He was eager to tell Ahsan how the competitors had turned to fanboys at All England when after Setiawan got injured, Ahsan steered the pair to a win singularly. But “big smash” left him without speech.

It was more than Satwik's big boomer though. Indians had all the plans to drill in deep. But first up, Indians had their familiar starting troubles.

Chirag was twice faulted for his serve though the Indians led 14-11. “Then we gave away 5 quick points in silly mistakes, - serving, receiving,” he said of the short snappy rallies where Indonesians bunched up points and went into the lead. So far, so normal.

With Satwik-Chirag, the comebacks are always the most entertaining part of their wins. It started with them taking a short regrouping mental break and levelling at 17-all. Calmer now, free of panic, Chirag served well now to get 4 straight points and close out at 21-18.

It was becoming evident that the Indians needed to keep the shuttle low, and eschew the flat exchanges. Indians would start slow in the second, stare at a 10-4 lead and jog upto 9-11.

The Indonesians were giving it their all in their rally and reached 20-16 before closing out at 21-18. Even Stevens.

Helping hand

It's here that India's new foreign coach, Flandy Limpele, the Indonesian brought in his insiders’ knowledge of the Daddies.

“He told us to play as quick as possible at the net. They were not the fastest movers by then,” Chirag says, but the old foxes still had their muscle memory reflexes.

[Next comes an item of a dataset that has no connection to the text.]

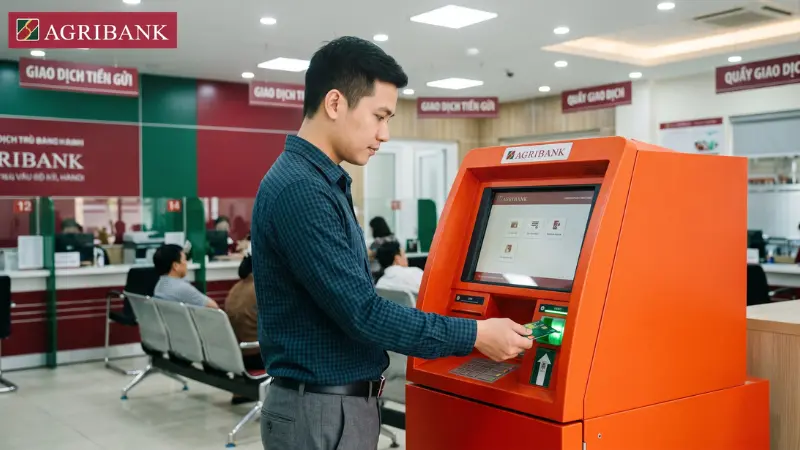 Khách hàng giao dịch gửi tiền tiết kiệm trực tiếp tại máy gửi tiền tự động CDM Agribank.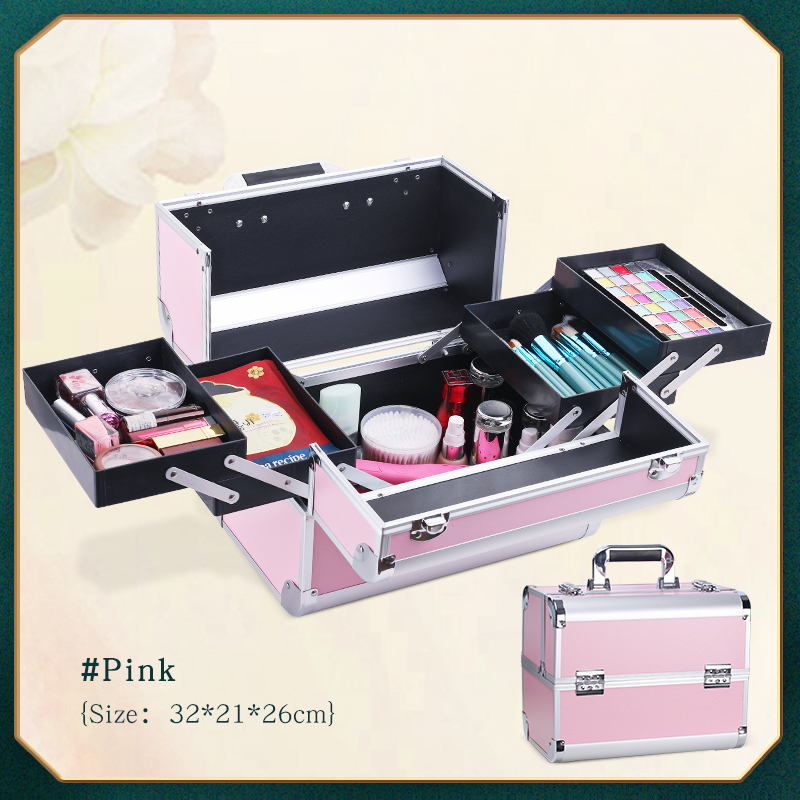 Makeup Train Box With Adjustable 4 Trays Makeup Box Makeup Storage Box With Lock And Compartment: SKY BLUE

The idea was to not allow them any traction in the air. “Coach kept saying, don't let them catch shuttle higher,” Chirag says. The Indonesians are masters at creating openings and prefer flat back 'n' forths, so the Indians starved them off the height.

Both Chirag and Satwik would rush to the net and catch the shuttle fast, and keep the shuttle as if at the end of their yo yo strings. Adopting a stance of high racquets, they would create a wall not allowing the Indonesians to bisect them forcing lifts for 5 quick points in the decider after the break.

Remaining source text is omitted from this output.